Activity — Word for word, write out all the entries below, omitting every picture.

Data listing —
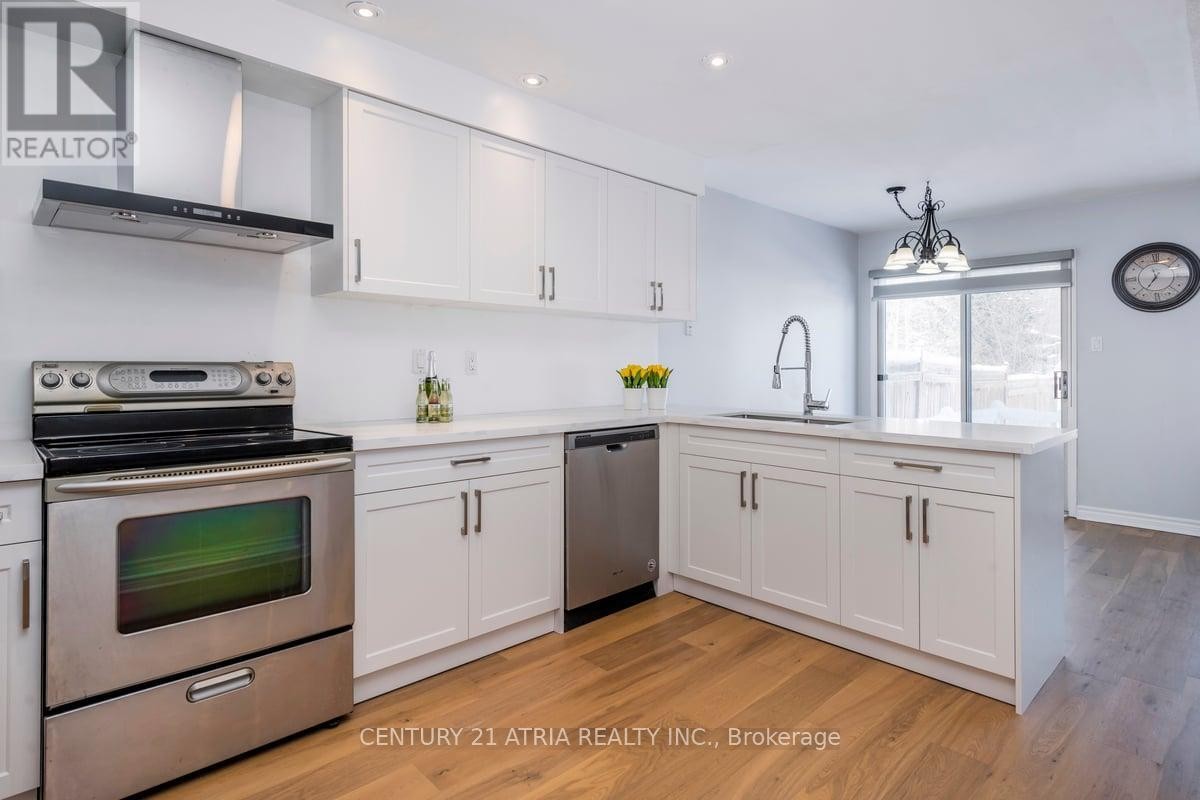 












1200 BENSON STREET

,
Innisfil (Alcona),




Ontario
L9S1Y4


Exercise response —
1200 BENSON STREET

,
Innisfil (Alcona),




Ontario
L9S1Y4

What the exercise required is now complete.